Julgo que existe na Europa um consenso amplo sobre os efeitos negativos do aquecimento global e a necessidade de fazer alguma coisa para contrariar ou atenuar esses efeitos. Onde provavelmente já não encontraremos o mesmo consenso é ao nível das medidas que, directa ou indirectamente, podem contribuir nesse sentido. Esta constatação é amplamente demonstrativa da dificuldade do tema.
Discute-se se os objectivos de rápida descarbonização são adequados ou exagerados, se as medidas adoptadas pelos Governos e empresas no sentido de dar cumprimento a pelo menos alguns desses objectivos são virtuosas ou exageradas, se o ênfase na temática da sustentabilidade não está a ser sobreavaliado face às reais capacidades dos países e das populações, se o esforço pedido à sociedade é suportável ou se irá provocar uma profunda crise económica, etc.
Infelizmente, o debate é muitas vezes travado numa óptica de análise dos custos a muito curto prazo e, como é cada vez mais normal neste mundo de redes sociais que facilitam exercícios de catarse individual e colectiva, feito mais com base em aparências do que em factos reais e comprovados.
Na realidade, neste debate ninguém tem razão em termos absolutos, nem ninguém está completamente errado, o que é, aliás, característico quando o debate é influenciado por factores emotivos: independentemente de que lado do debate estejamos, as certezas de uns não são suficientes para ultrapassar as dúvidas dos outros.
As iniciativas relativas à transição energética e à sustentabilidade vão ser caras, e vão fazer aumentar os custos da energia? É muito provável que sim, pelo menos a curto e médio prazo. Trata-se de tecnologias ainda em desenvolvimento, ou que requerem grandes investimentos na produção e distribuição, e que terão de ser financiadas através do aumento de preços, sob pena de serem inviáveis.
É natural que daí resulte um aumento geral dos preços dos produtos mais variados, porque a energia é factor de produção em todas as actividades. E o aumento dos preços levará a que alguns desses produtos deixem de ter aceitação por se tornarem excessivamente caros, podendo provocar a falência das empresas produtoras. Isto é negativo? É! Resta saber se é evitável, e se manter o statu quo não significa apenas adiar a inevitabilidade.

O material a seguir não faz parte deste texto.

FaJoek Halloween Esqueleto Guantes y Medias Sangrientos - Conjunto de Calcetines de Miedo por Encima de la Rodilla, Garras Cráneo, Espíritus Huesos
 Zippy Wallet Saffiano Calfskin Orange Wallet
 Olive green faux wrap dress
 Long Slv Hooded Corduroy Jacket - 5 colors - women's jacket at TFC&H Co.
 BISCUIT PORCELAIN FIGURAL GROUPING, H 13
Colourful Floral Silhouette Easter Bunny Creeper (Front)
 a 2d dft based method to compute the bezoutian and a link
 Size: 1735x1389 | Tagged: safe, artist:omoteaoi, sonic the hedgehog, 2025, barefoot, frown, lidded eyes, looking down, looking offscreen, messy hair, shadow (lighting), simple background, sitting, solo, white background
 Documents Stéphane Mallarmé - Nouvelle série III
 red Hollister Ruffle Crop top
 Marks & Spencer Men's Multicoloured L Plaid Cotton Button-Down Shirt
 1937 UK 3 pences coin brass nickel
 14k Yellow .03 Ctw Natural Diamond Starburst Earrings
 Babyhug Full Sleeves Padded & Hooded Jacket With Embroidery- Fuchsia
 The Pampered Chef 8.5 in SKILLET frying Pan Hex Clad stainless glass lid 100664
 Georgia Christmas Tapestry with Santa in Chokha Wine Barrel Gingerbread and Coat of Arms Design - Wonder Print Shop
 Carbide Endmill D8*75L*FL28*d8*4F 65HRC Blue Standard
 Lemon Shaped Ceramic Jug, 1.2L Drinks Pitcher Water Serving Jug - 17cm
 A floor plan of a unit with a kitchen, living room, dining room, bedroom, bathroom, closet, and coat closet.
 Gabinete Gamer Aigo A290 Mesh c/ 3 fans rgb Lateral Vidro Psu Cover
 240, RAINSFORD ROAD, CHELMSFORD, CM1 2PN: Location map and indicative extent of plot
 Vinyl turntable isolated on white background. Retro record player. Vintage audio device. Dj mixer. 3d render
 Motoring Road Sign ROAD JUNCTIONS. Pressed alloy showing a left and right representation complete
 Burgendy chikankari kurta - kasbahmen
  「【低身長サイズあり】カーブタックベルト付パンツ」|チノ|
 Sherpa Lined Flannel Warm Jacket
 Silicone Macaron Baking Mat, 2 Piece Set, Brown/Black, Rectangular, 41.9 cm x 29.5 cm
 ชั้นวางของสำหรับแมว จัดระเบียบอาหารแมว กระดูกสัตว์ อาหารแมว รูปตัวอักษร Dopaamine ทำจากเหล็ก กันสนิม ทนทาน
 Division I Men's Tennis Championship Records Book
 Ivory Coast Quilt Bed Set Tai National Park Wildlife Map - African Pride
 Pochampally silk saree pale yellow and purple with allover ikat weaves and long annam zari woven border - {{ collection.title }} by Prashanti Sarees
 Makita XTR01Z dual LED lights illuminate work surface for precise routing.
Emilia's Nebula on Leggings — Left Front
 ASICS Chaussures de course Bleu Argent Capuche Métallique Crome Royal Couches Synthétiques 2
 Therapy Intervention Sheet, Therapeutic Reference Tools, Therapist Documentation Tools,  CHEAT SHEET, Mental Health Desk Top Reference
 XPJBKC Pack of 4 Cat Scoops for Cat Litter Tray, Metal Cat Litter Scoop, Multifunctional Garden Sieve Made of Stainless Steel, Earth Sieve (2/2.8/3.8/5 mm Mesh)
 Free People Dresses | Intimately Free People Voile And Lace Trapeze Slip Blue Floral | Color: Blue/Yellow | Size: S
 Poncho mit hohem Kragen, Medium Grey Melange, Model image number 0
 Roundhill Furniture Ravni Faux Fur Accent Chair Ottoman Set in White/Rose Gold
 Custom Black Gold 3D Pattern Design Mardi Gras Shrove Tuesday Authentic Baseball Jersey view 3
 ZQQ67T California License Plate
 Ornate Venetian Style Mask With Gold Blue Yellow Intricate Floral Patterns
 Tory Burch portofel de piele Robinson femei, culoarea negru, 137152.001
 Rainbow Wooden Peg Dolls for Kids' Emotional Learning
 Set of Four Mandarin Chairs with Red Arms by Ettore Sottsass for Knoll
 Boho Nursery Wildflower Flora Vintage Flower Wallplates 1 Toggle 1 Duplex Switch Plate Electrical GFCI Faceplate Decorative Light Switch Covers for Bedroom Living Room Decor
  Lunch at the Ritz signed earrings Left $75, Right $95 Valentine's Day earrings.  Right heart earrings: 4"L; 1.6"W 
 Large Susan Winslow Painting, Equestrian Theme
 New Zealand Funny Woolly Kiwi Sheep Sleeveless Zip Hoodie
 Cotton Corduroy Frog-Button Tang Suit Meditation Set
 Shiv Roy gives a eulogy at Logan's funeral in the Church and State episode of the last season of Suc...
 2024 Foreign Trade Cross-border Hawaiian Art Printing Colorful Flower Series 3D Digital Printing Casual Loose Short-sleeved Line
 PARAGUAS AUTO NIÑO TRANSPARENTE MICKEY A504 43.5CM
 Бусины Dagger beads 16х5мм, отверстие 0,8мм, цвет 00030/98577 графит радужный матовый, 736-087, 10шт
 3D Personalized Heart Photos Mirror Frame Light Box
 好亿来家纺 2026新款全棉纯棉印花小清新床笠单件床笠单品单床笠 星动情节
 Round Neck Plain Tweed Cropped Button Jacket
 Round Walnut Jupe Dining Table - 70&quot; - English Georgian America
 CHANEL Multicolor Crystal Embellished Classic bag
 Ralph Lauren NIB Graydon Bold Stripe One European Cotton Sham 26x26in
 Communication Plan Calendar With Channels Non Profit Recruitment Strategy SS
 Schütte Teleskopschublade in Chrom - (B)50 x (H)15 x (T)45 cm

Mas outras empresas surgirão para desenvolver novas actividades, para satisfazer necessidades induzidas directa e indirectamente pelas novas formas de produzir energia. Há aqui uma evidente oportunidade de criação de riqueza que, na minha opinião, não deveríamos deixar escapar. É que esse novo mundo, resultante da transição energética e das preocupações com a sustentabilidade não é já só uma miragem distante, está aí ao dobrar da esquina.
Espanta-me por isso que haja quem persista em discutir se a Galp fez bem ou mal em descontinuar a pesquisa de petróleo, se a decisão do Governo português de abandonar o carvão como fonte de produção de energia é correcta ou precipitada, ou se a Índia a e China tem ou não condições para aderir mais fortemente à inevitabilidade da mudança (com toda a probabilidade não têm, e esse é o problema maior que têm de resolver).
É uma mera questão de tempo. E é também uma questão de gestão e aplicação dos recursos (técnicos, financeiros, intelectuais…) disponíveis, que devem ser canalizados para projectos orientados para a transformação da economia. Prolongar a agonia de soluções tecnológicas cuja sustentabilidade está claramente em questão é adiar a morte certa de um modelo passado e não trabalhar em soluções de futuro.
O autor escreve de acordo com a antiga ortografia.